Highlights & Insights

  • Novel Problem Formulation: This work is the first to systematically address the ambiguity and dynamic nature of "normal" definitions in anomaly detection. The proposed A2N/N2A scenarios and S-AUROC metric have strong practical relevance.
  • Extreme Simplicity: RePaste is purely a training-time data augmentation technique that requires no architectural modifications and introduces no inference overhead, yet effectively improves adaptability to specification changes.
  • Necessity of Mixup Boundary Smoothing: The ablation study clearly demonstrates the severe impact of paste-boundary discontinuities on the N2A scenario, a finding that generalizes to any data augmentation method involving region pasting.

Limitations & Future Work

  • Evaluation is limited to MVTec AD; generalization to other anomaly detection benchmarks (e.g., VisA, BTAD) remains unverified.
  • The threshold \(\tau\) is fixed at 0.9; adaptive threshold strategies are not explored.
  • The performance gains from RePaste are modest (<1% S-AUROC), suggesting that more fundamental methodological innovations may be needed to address this problem.
  • In the A2N scenario, only the redefinition of small anomalies is considered; specification changes involving large defects are not addressed.
  • N2A relies on synthetically generated pseudo-anomalies as proxies for real specification-change samples, which may introduce distributional discrepancies.
  • vs. GLASS: RePaste builds upon GLASS, preserving the flexibility of its pseudo-anomaly generation while augmenting it with bidirectional adaptation capability for both "normal→anomaly" and "anomaly→normal" transitions via region repasting.
  • vs.

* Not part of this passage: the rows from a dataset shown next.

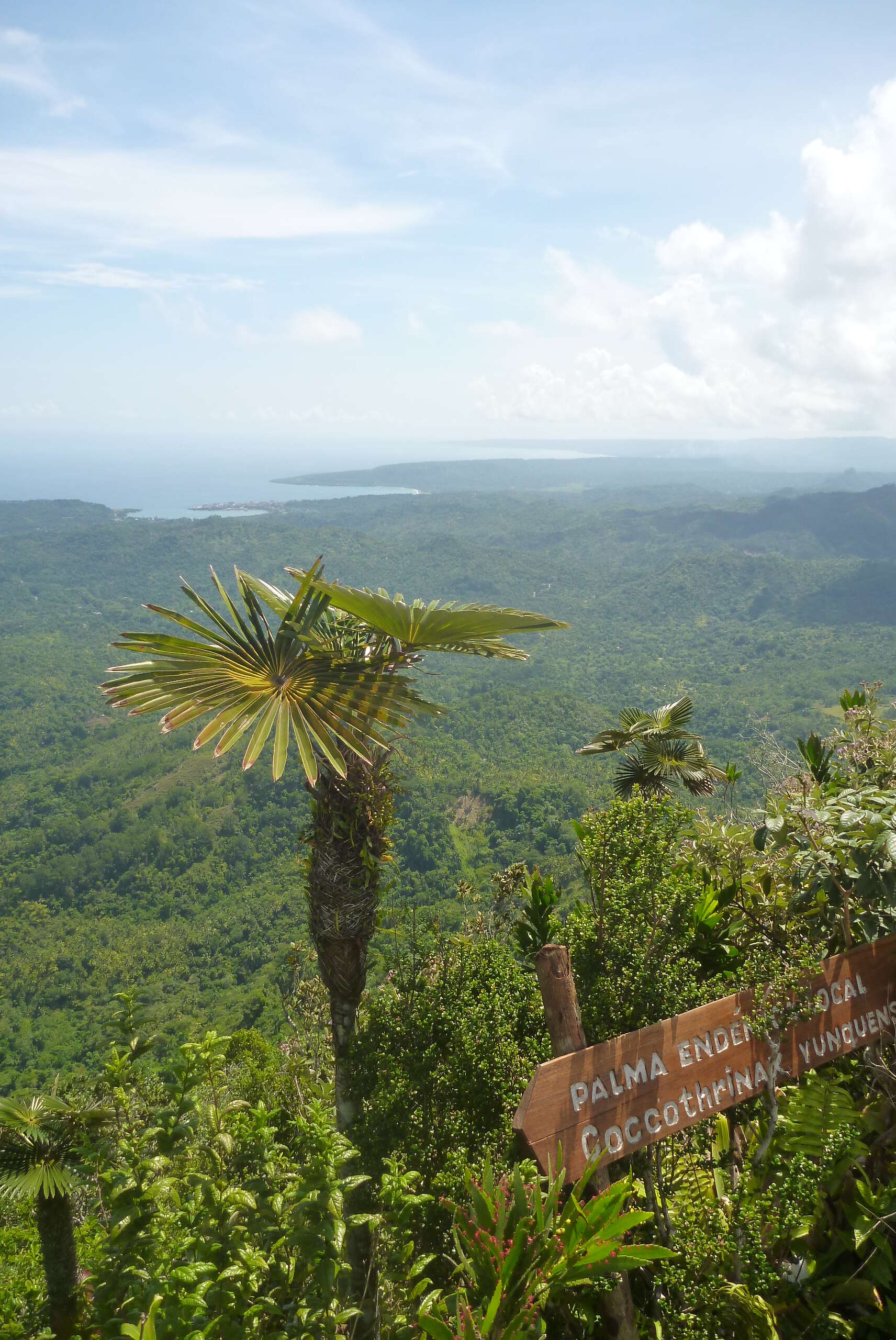 Image of Coccothrinax yunquensis Borhidi & O. Muñiz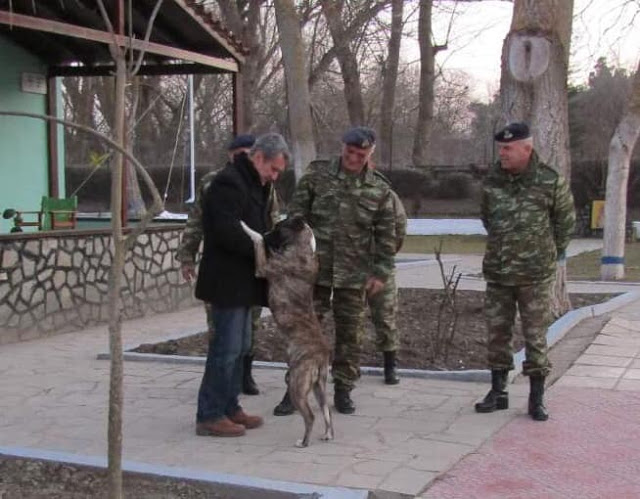 Ο Τουρκικός σκύλος που ζήτησε...άσυλο στο φυλάκιο Πυθίου - Φωτογραφία 1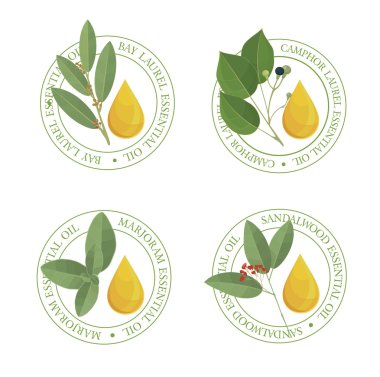 Set of  essential oil labels. clipart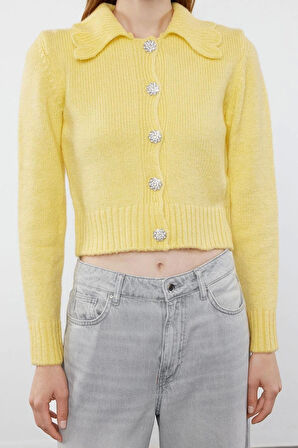 Kadın Moda Şık Crop Polo Yaka Regular Crop Yumuşak Dokulu Mücevher Düğmeli Triko Hırka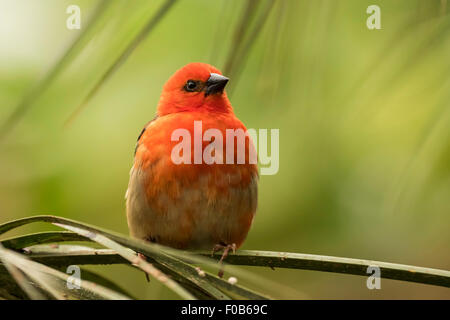 Primo piano di una fody rosso (Foudia madagascariensis) bird, talvolta noto come il Madagascar, Fody rosso cardinale fody o fody comune. Foto Stock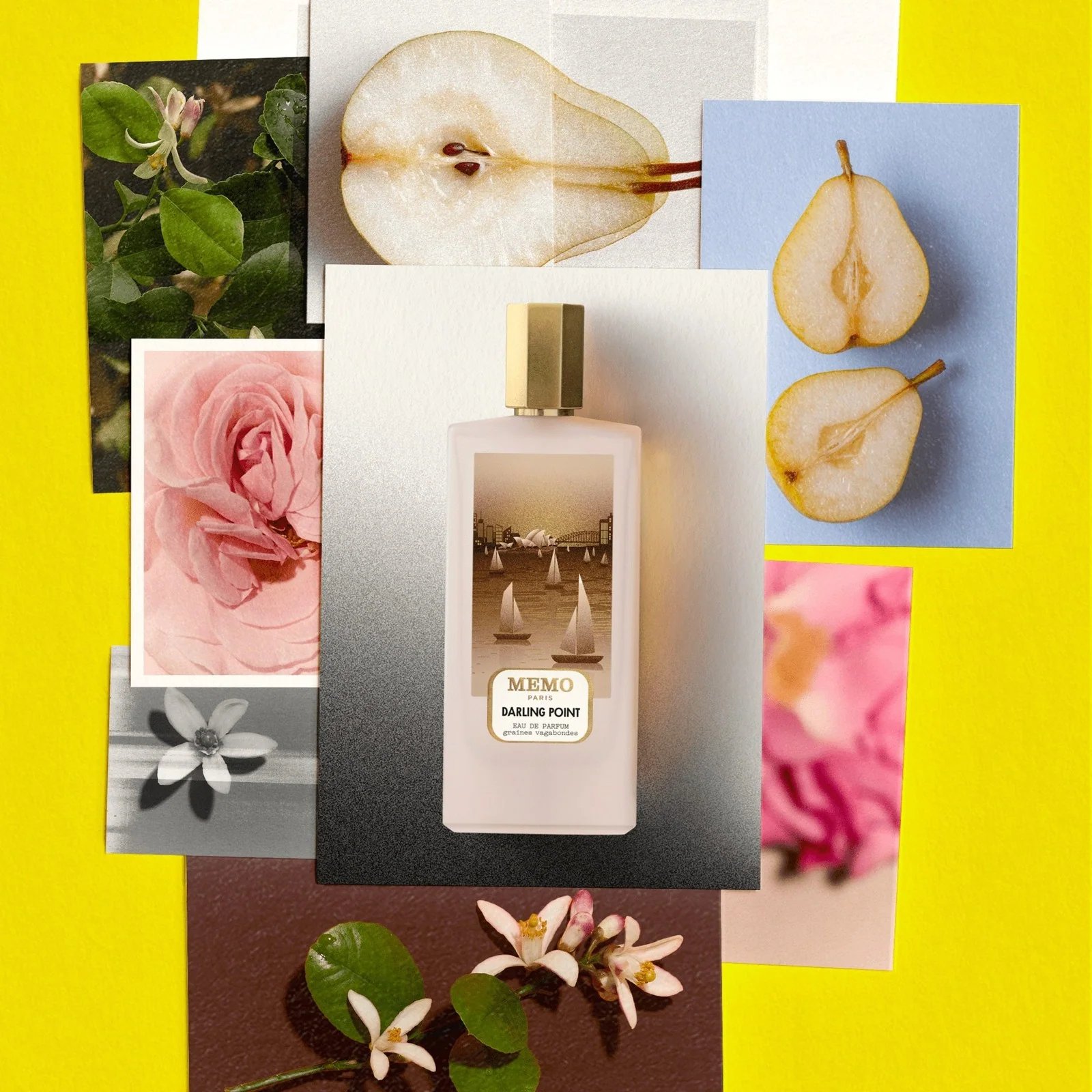 Memo Darling Point Edp 75 ml 3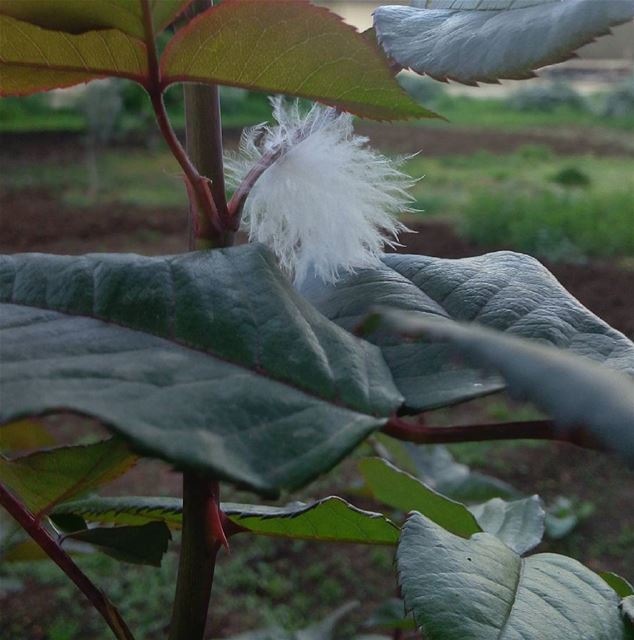 Feather stuck between flower leaves photographer livelovelebanon feather...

Concept Drift / Domain Adaptation: The paper argues that specification changes are fundamentally distinct from distributional shifts—the former involves the reconstruction of decision boundaries, whereas the latter concerns shifts in feature distributions.
  • The proposed scenario formulation can inspire the design of continual learning approaches for anomaly detection.

Rating

  • Novelty: ⭐⭐⭐⭐ The scenario definitions and evaluation metric are highly original, though the method itself (region repasting) is relatively straightforward.
  • Experimental Thoroughness: ⭐⭐⭐ Evaluation is conducted on a single dataset (MVTec AD); a reasonable number of baselines are compared, but the ablation analysis lacks depth.
  • Writing Quality: ⭐⭐⭐⭐ Problem formulation is clear and scenario descriptions are thorough, though notation is occasionally redundant.
  • Value: ⭐⭐⭐⭐ Identifies an important and overlooked practical problem with direct implications for industrial anomaly detection.